Gigabit Ethernet prices in free fall

Inexpensive Gigabit Ethernet switches and network interface cards are flooding the market as vendors race to put 1000Base-T products in their portfolio.

Copper-based Gigabit Ethernet began shipping en masse last year. Since then, prices have dropped steadily as vendors -- even market newbies such as Dell Computer -- have raced to put 1000Base-T products in their portfolio.

Several equipment makers have announced wares that offer low prices for Gigabit Ethernet connections along with additional management and switching functions.

Companies are increasingly using Gigabit to upgrade their LAN and this has helped keep the market strong, according to analysts. Cahners In-Stat Group reports 1000Base-T component sales grew 25 per cent quarter-on-quarter in 2001 while the overall Ethernet LAN switch market averaged around 3 per cent growth per quarter. Market leaders in terms of 1000Base-T switch shipments were Cisco with 47 per cent, followed by 3Com with 17 per cent and Hewlett-Packard with 11 per cent of the market.
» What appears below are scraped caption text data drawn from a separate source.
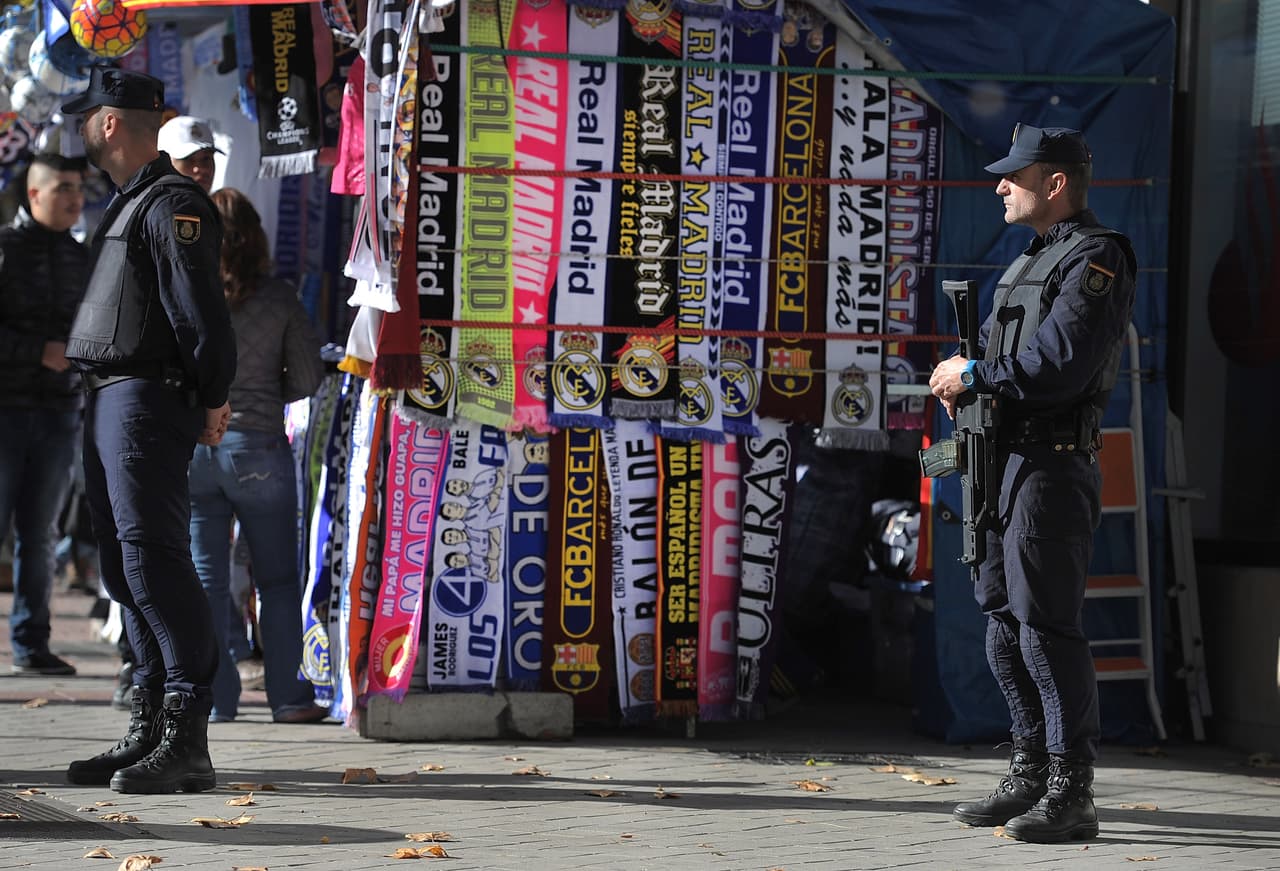 Los 1.100 policías (que incluyen Tedax, caballería, helicópteros, una unidad de subsuelo y perros rastreadores), registraron con meticulosidad a todas las personas que intentaban acercarse al estadio blanco.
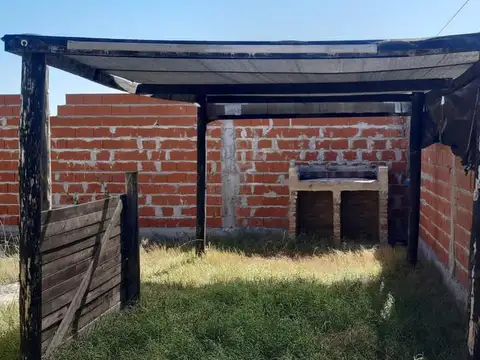 Casa en venta con construcción a terminar en Alejandro Korn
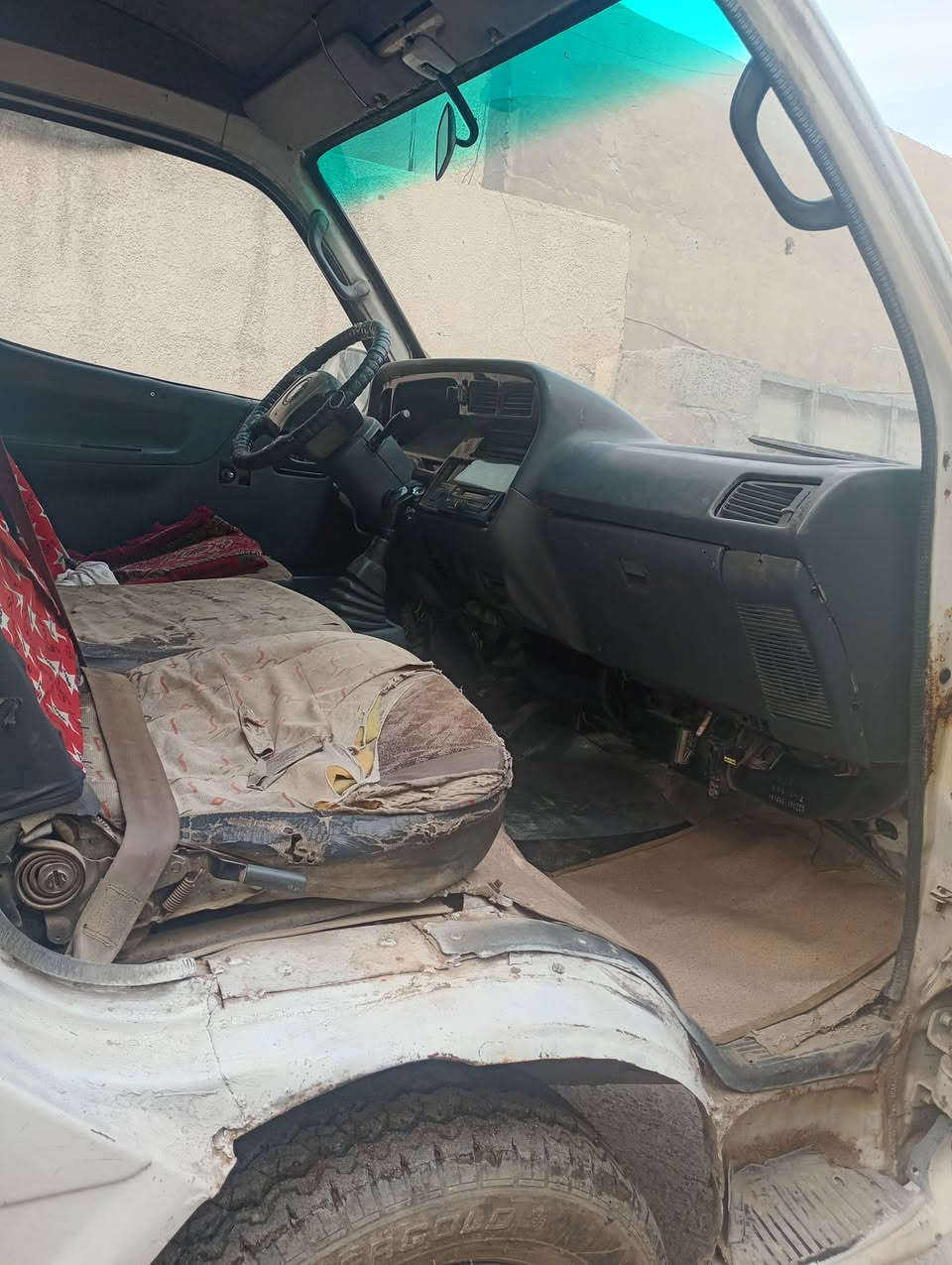 سلام عليكم سياره فتون موديل 2009سنويه 2030رقم نكليزي شرط تحويل و هيءه وغرامات مصفره سعر 38 ورقه رقم الهاتف ***********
"No one wants to replace [cabling] because it is so expensive," said Lauri Vickers, a Cahners In-Stat analyst. "Companies that may have had bottlenecks in the wiring closet but didn't have the budget to run in-wall fibre cabling are looking at copper Gigabit to solve those problems." Besides savings on cabling costs, Vickers said, the 1000Base-T equipment itself averages around one-third the cost per port of single-mode, fibre-optic cable.
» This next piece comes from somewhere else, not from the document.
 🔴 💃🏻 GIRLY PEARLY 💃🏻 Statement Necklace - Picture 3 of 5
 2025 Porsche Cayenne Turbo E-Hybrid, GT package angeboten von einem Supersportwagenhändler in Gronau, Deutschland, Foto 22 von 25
The price of Gigabit Ethernet products the past few years has fallen dramatically. Research from IDC shows that the average price for a fixed-configured Gigabit Ethernet switch port has dropped from about $US800 per port when the technology was introduced in 1998, to $219 per connection this year. Likewise, Gigabit NICs have also come down in price from an average of $500 in 1999, to the $200 range today (roughly three times the price of 10/100Mbps Ethernet cards).

While inexpensive Gigabit NICs might seem to signal an imminent explosion of 1Gbps desktops, Vickers has more reserved predictions.

"[Vendors] are pushing Gigabit to the desktop, but we are still a ways away from that," Vickers said. "The economic slowdown has pushed off a lot of desktop purchases [in companies], and there still isn't a real killer app for it."